1. Morphological operators

- Morphological image processing is a collection of non-linear operations related to the shape or morphology of features in an image.
- They are especially suited to the processing of binary images, but can also be applied to greyscale images.
- It needs two inputs, one is our original image, second one is called structuring element or kernel which decides the nature of operation

![image.png](attachment:470a9a3e-cb7f-484f-aa51-920c3c119fd2.png)

In particular in this example, we will use the Opening and Closing operations to remove noise (opening) and closing small holes inside our forewground objects (changes)

Opening example:

![image.png](attachment:ac042e50-8246-4471-91d7-59625a5bcefc.png)

Closing example:

![image.png](attachment:09b783a0-f8ce-4136-b7b1-bf053ae12f93.png)

In [6]:
from scipy.ndimage.morphology import binary_closing, binary_opening

iterations = 1
pre_morpho = masks['threshold:0.2']
post_morpho = binary_closing(binary_opening(pre_morpho,iterations=iterations),iterations=iterations)


m = folium.Map([22.38, 91.4], zoom_start=14)

bbox = shape(shapes[0]).bounds
for i,img in enumerate([pre_morpho, post_morpho]):
    folium_img = folium.raster_layers.ImageOverlay(
                    name='pre' if i==0 else 'post',
                    image=img,
                    bounds=[[bbox[1], bbox[0]], [bbox[3], bbox[2]]],
                    opacity=0.9)
    folium_img.add_to(m)

folium.GeoJson(shapes[0], name='Inside Camp').add_to(m)
folium.LayerControl().add_to(m)
m


2. Clustering

Clustering is the task of dividing a set of data points into a number of groups so that data points in the same groups are more similar to other data points in the same group than those in other groups. 
In simple words, the aim is to segregate groups with similar properties and assign them to clusters.

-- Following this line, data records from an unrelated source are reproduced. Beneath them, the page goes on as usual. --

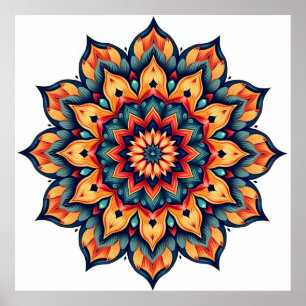 Mandala auf weiß poster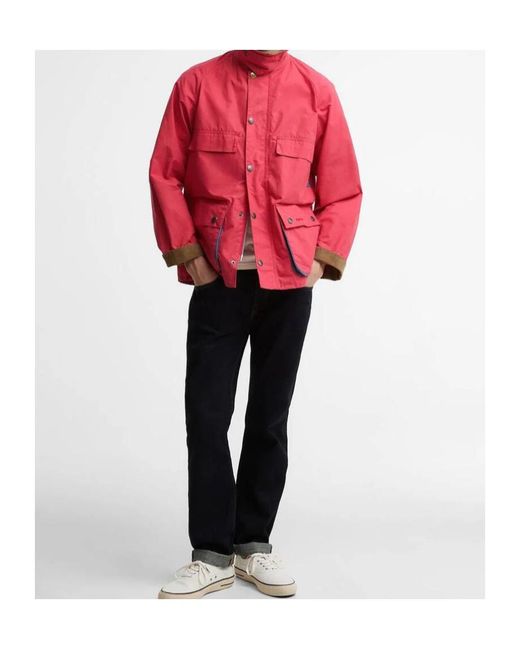 Barbour Red X Paul Smith Contrast-Collar Jacket for men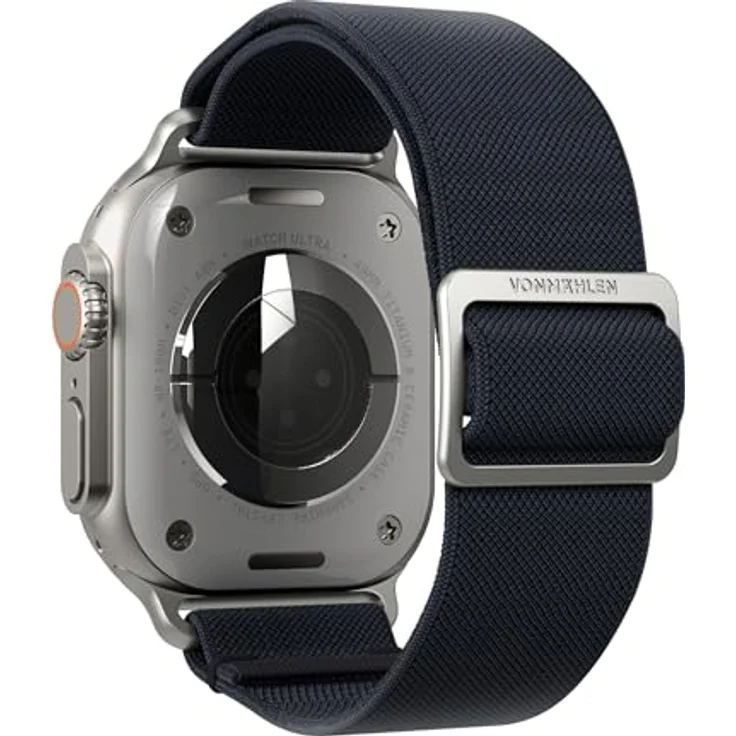 Vonmählen Classic Nylon-Armband für Apple Watch 42 44 45 49 mm, flexibles, atmungsaktives Uhrenarmband, Blau – Bild 4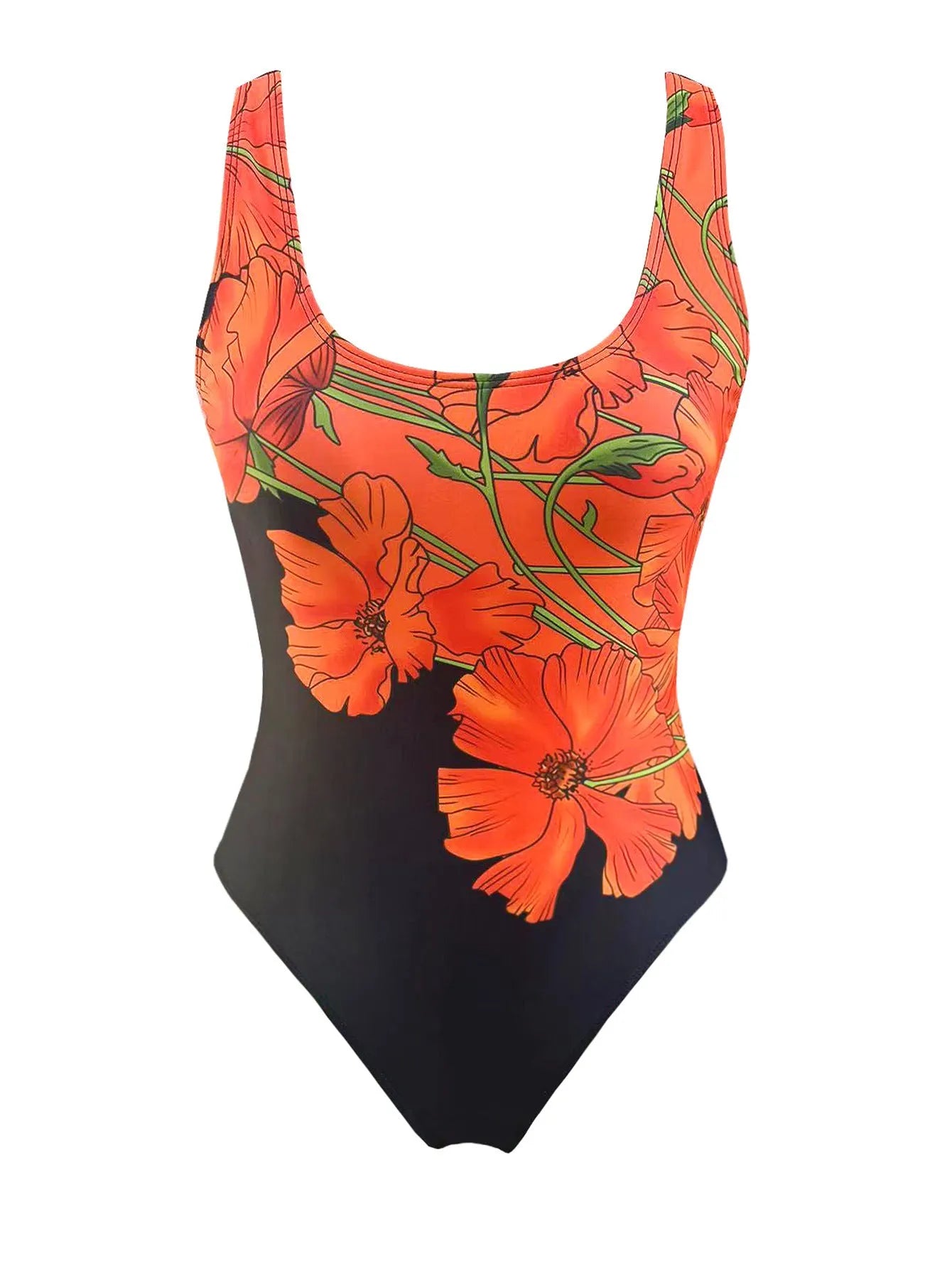 Orange floral print backless one-piece swimsuit on a hanger
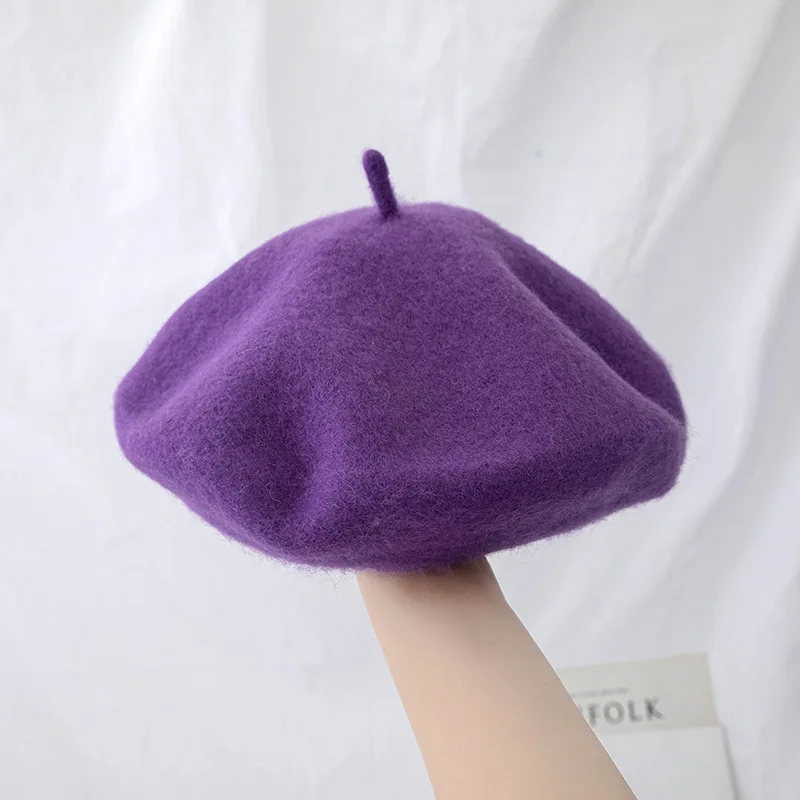 100% Wool beret hat New winter 25 Color thickened Woolen Artist cap British Hepburn French Pumpkin hats For Girl women Ladies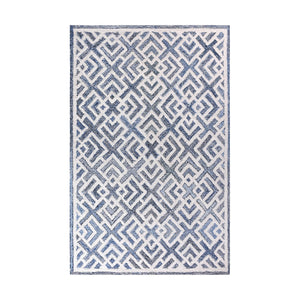 Namesae Geometric Blue Denim and Wool Rug - Staunton and Henry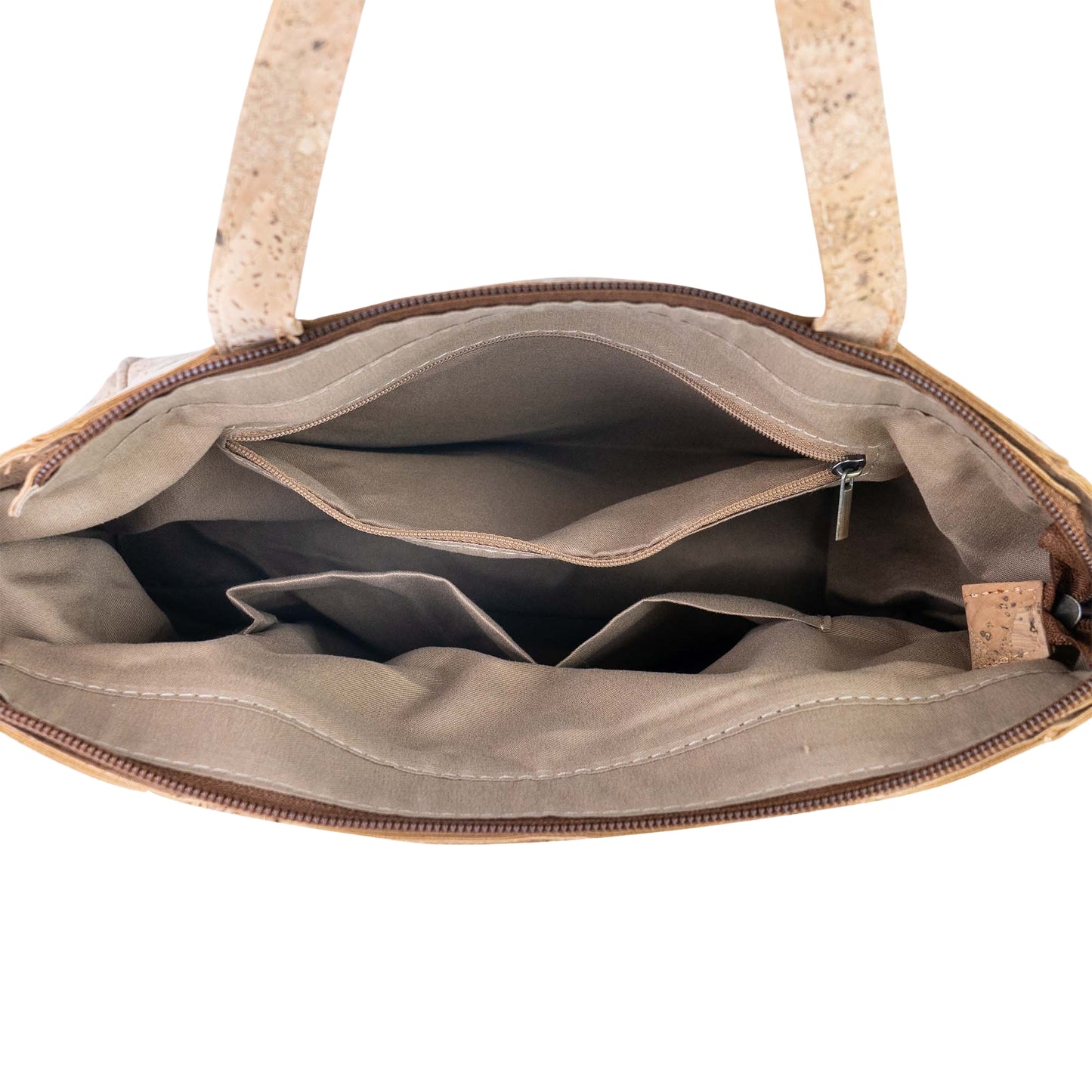 Natural Cork Handbag with Floral Pocket and Detachable Strap BAGD-641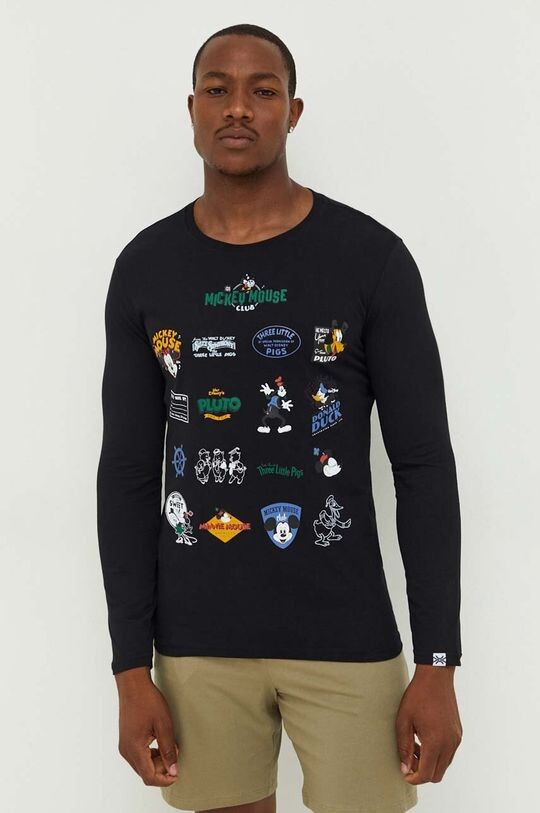 

Хлопковый топ с длинными рукавами для Disney United Colors of Benetton, черный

Unsupervised clustering can allow us to identify changes, as well as to characterise them, e.g.:
 - Assign changes to a specific date
 - Classify changes related to a specific topic: construction of new building, changes due to water channels, changes due to vegetation
 
In particular we will explore the results of a K-means clustering algorithm.

The K-means algorithm in data mining starts with a first group of randomly selected centroids, which are used as the beginning points for every cluster, and then performs iterative (repetitive) calculations to optimize the positions of the centroids. It stops creating and optimizing clusters when either:
- The centroids have stabilized — there is no change in their values because the clustering has been successful.
- The defined number of iterations has been achieved.


In [7]:
!/opt/anaconda/envs/env_better/bin/pip3 install sklearn

Collecting sklearn
  Downloading sklearn-0.0.tar.gz (1.1 kB)
Collecting scikit-learn
  Downloading scikit_learn-0.23.2-cp37-cp37m-manylinux1_x86_64.whl (6.8 MB)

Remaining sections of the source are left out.